Work to complete: Where the listing below reaches the line containing "Cover of The", start writing out lines exactly, and stop once the line containing "hwbet: Jogos de" has been written.

Data for analysis:

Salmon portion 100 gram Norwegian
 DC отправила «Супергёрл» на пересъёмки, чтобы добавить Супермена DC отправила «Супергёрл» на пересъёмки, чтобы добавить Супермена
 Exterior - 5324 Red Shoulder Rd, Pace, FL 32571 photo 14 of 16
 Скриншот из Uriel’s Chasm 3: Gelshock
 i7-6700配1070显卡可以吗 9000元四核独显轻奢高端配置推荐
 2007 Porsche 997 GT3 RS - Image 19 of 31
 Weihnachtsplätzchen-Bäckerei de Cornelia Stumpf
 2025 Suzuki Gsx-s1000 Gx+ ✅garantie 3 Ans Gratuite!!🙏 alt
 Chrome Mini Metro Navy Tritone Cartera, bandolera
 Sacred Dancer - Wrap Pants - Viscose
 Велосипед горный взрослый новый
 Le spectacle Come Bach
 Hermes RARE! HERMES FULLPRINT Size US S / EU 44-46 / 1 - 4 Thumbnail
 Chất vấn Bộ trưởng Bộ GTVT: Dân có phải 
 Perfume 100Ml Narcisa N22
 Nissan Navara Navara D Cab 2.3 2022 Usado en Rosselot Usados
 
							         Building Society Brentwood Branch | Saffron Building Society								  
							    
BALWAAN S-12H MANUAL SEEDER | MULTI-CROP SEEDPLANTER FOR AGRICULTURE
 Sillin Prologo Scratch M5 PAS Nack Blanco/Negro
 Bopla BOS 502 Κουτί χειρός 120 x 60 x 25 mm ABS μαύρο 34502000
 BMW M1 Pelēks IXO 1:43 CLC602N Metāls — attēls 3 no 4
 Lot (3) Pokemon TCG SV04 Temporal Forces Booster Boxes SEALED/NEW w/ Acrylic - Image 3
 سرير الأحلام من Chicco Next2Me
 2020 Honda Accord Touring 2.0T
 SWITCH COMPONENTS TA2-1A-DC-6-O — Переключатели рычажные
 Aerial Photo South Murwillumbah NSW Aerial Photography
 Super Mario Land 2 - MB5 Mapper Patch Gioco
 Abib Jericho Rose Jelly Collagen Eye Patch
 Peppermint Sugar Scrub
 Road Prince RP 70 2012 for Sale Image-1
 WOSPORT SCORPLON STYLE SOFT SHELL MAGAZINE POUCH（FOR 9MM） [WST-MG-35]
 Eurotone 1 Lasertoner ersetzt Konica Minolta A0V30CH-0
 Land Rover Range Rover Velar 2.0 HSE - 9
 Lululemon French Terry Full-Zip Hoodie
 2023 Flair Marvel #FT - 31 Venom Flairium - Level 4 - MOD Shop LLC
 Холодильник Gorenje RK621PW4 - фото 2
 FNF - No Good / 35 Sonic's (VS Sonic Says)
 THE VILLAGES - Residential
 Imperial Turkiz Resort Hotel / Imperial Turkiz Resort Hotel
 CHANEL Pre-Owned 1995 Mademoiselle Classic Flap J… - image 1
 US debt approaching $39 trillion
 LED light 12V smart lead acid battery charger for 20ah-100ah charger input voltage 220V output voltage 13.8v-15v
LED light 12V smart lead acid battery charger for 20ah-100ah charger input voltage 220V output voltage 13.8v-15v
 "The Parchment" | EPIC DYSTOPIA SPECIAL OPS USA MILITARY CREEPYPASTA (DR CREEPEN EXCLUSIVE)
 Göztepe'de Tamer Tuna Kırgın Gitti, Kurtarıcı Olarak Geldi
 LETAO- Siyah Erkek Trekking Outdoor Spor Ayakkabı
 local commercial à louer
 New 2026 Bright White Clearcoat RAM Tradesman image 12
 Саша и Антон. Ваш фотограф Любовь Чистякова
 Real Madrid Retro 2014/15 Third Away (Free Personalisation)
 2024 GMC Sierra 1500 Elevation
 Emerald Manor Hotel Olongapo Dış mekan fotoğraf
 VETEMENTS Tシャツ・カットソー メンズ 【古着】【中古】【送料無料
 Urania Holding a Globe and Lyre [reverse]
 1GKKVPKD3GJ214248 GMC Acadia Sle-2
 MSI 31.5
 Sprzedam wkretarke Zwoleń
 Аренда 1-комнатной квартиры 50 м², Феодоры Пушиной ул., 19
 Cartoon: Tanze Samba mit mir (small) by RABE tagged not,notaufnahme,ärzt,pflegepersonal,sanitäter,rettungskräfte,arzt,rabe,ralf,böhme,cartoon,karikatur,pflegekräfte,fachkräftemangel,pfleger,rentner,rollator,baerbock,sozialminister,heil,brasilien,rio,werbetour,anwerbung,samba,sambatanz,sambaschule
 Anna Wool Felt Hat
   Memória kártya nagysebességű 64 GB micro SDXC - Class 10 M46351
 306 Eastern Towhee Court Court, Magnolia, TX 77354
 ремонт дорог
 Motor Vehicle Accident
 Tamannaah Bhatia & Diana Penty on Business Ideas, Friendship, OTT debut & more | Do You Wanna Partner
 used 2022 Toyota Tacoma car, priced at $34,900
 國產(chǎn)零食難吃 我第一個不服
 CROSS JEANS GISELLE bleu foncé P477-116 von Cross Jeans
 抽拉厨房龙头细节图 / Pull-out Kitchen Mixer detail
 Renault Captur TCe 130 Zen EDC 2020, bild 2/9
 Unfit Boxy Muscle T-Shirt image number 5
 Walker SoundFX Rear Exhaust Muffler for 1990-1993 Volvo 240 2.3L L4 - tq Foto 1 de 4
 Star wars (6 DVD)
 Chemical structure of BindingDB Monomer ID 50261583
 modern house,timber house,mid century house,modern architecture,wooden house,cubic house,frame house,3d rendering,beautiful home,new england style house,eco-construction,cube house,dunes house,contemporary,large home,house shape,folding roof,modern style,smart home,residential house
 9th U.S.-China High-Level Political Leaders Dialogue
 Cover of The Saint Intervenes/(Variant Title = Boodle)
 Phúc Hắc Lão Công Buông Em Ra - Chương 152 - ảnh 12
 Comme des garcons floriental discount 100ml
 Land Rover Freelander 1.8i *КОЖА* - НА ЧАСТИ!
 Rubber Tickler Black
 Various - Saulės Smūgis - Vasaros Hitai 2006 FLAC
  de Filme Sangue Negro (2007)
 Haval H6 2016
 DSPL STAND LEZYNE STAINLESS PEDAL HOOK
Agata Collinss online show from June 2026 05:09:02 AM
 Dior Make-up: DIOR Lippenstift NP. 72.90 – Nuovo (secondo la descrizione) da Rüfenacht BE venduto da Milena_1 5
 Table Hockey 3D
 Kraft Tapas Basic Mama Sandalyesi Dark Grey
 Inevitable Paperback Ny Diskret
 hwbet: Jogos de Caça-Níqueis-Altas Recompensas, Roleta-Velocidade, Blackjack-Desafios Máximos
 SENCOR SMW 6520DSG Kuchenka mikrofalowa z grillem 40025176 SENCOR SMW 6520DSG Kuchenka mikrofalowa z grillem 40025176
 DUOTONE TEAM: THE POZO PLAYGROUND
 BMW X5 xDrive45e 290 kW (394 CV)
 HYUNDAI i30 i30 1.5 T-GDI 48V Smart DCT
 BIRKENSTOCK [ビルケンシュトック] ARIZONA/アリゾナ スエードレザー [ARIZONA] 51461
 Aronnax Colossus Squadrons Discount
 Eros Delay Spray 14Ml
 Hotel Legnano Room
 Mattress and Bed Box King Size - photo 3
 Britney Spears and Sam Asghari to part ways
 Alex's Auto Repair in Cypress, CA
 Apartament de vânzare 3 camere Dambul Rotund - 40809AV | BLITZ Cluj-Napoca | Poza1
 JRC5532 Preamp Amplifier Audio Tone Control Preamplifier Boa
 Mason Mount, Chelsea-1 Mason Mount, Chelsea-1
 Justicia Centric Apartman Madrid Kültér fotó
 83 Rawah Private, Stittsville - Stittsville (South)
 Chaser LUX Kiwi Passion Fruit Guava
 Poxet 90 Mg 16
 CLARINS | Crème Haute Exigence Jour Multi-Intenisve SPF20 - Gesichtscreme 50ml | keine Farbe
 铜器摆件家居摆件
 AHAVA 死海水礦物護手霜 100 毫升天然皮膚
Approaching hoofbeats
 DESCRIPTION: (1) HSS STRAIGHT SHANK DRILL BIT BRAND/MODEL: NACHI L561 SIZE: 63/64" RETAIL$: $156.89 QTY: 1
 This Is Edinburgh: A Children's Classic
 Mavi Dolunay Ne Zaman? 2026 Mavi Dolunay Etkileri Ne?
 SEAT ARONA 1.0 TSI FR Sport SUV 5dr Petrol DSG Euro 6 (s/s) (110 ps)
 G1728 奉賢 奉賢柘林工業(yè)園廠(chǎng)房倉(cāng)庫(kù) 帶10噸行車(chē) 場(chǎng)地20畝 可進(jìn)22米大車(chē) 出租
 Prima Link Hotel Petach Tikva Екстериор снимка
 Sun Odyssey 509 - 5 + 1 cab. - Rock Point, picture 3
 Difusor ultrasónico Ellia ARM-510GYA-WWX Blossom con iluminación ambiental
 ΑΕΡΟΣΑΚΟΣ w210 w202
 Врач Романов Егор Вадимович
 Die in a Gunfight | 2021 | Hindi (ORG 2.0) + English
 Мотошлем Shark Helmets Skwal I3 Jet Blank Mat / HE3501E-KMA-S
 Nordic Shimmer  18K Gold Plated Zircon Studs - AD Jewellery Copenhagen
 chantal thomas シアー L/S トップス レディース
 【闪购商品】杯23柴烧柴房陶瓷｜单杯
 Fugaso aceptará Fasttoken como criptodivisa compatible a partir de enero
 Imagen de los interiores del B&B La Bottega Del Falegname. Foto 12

Answer section:
 Cover of The Saint Intervenes/(Variant Title = Boodle)
 Phúc Hắc Lão Công Buông Em Ra - Chương 152 - ảnh 12
 Comme des garcons floriental discount 100ml
 Land Rover Freelander 1.8i *КОЖА* - НА ЧАСТИ!
 Rubber Tickler Black
 Various - Saulės Smūgis - Vasaros Hitai 2006 FLAC
  de Filme Sangue Negro (2007)
 Haval H6 2016
 DSPL STAND LEZYNE STAINLESS PEDAL HOOK
Agata Collinss online show from June 2026 05:09:02 AM
 Dior Make-up: DIOR Lippenstift NP. 72.90 – Nuovo (secondo la descrizione) da Rüfenacht BE venduto da Milena_1 5
 Table Hockey 3D
 Kraft Tapas Basic Mama Sandalyesi Dark Grey
 Inevitable Paperback Ny Diskret
 hwbet: Jogos de Caça-Níqueis-Altas Recompensas, Roleta-Velocidade, Blackjack-Desafios Máximos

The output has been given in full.